Hydrophobic and superhydrophobic surfaces by means of atmospheric plasmas: synthesis and texturization of fluorinated materials

First, we focused on the surface modifications of a model surface, the polytetrafluoroethylene (PTFE), by the post-discharge of a radio-frequency plasma torch. The post-discharge used for the surface treatment was characterized by optical emission spectroscopy (OES) and mass spectrometry (MS) as a function of the gap (torch-sample distance), and the helium and oxygen flow rates. Mechanisms explaining the production and the consumption of the identified species (N2, N2+, He, O, OH, O2m, O2+, Hem) were proposed.

The surface treatment was then investigated as a function of the kinematic parameters (from the motion robot connected to the plasma torch) and the gas flow rates.

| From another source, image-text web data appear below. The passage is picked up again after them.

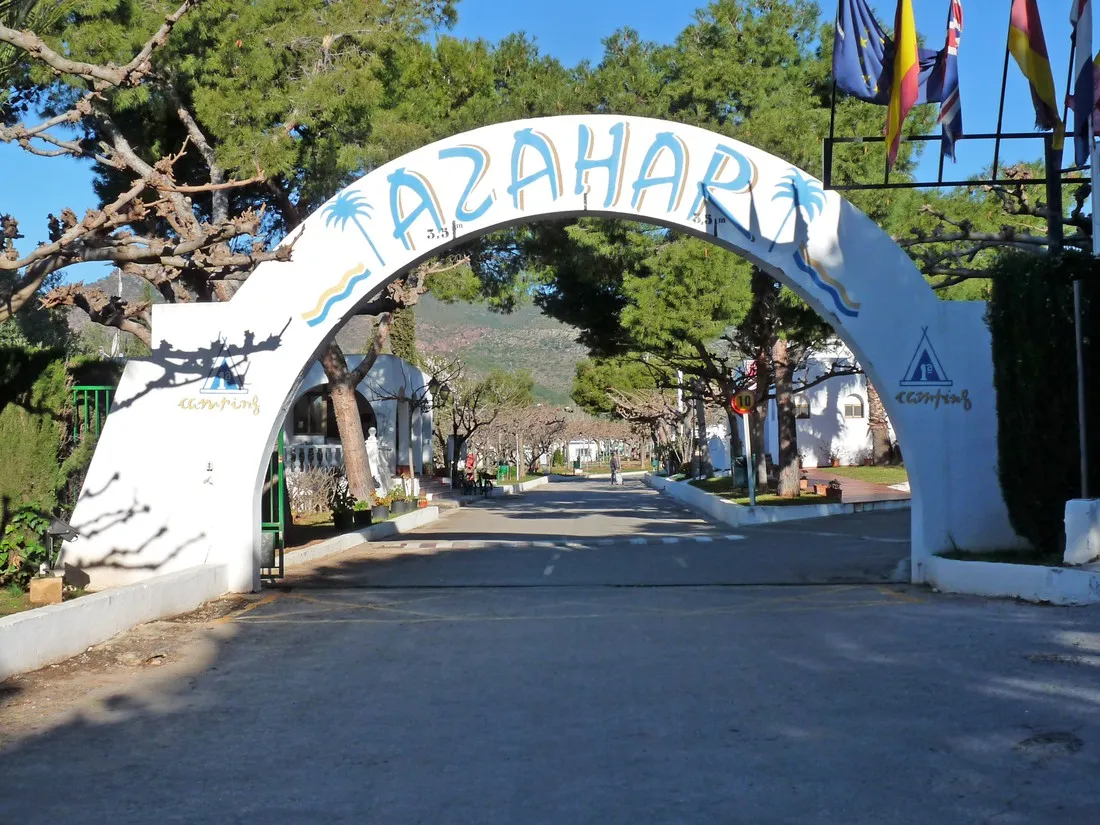 camping-azahar-benicssimbenicasim-ib4hr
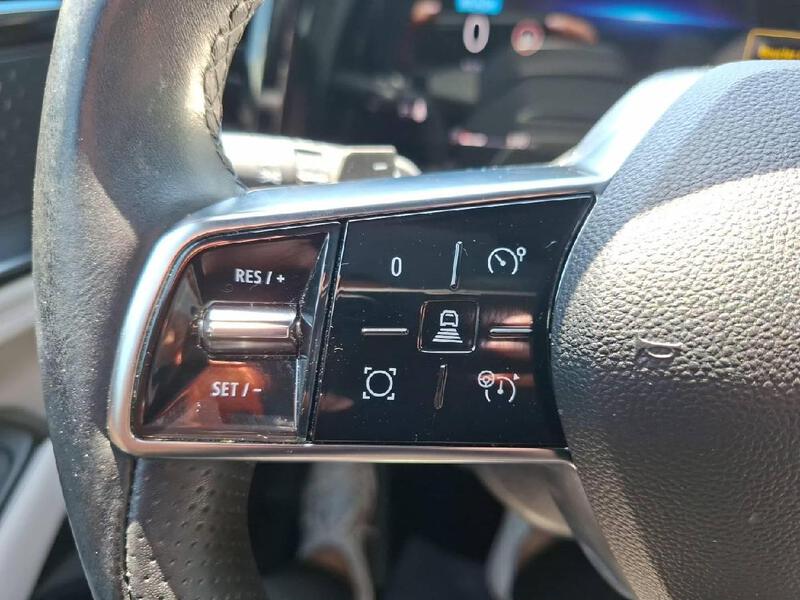 Renault Espace VI
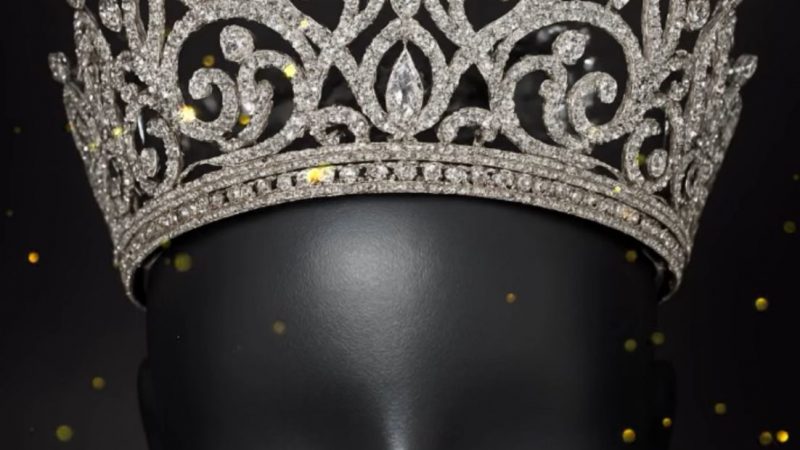 Polémica en el Miss Universo Paraguay: coronación será en Miami y no en Asunción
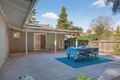 Additional image 26 of 1918 Country Pl, Ojai, CA, 93023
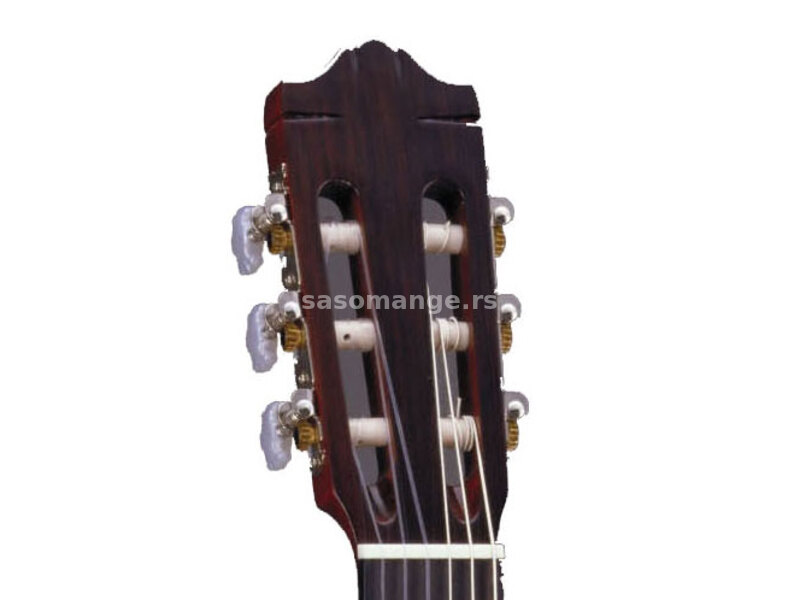 Yamaha C40 - Klasična gitara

Although no change in the surface composition was recorded, oxygen is required to increase the hydrophobicity of the PTFE by increasing its roughness, while a pure helium plasma leads to a smoothing of the surface. Based on complementary experiments focused on mass losses, wettability and topography measurements coupled to the detection of fluorinated species on an aluminium foil by XPS, we highlighted an anisotropic etching oriented vertically in depth as a function of the number of scans (associated to the treatment time). Atomic oxygen is assumed to be the species responsible for the preferential etching of the amorphous phase leading to the rough surface, while the highly energetic helium metastables and/or VUV are supposed to induce the higher mass loss recorded in a pure helium plasma.

The second part of this thesis was dedicated to the deposition and the texturization of fluorinated coatings in the dielectric barrier discharge (DBD). The effects of the nature of the precursor (C6F12 and C6F14), the nature of the carrier gas (argon and helium), the plasma power, and the precursor flow rate were investigated in terms of chemical composition, wettability, topography and crystallinity by SIMS, XPS, WCA, AFM and XRD. We showed that hydrophobic surfaces with water contact angles (WCA) higher than 115° were obtained only in the presence of argon and were assumed to be due to the roughness created by the micro-discharges. Plasma-polymerized films in helium were smooth and no WCA higher than 115° was observed. We also studied the impact of the deposition rate and the layer thickness in the hydrophobic properties as well as the polymerization processes through the gas phase characterization.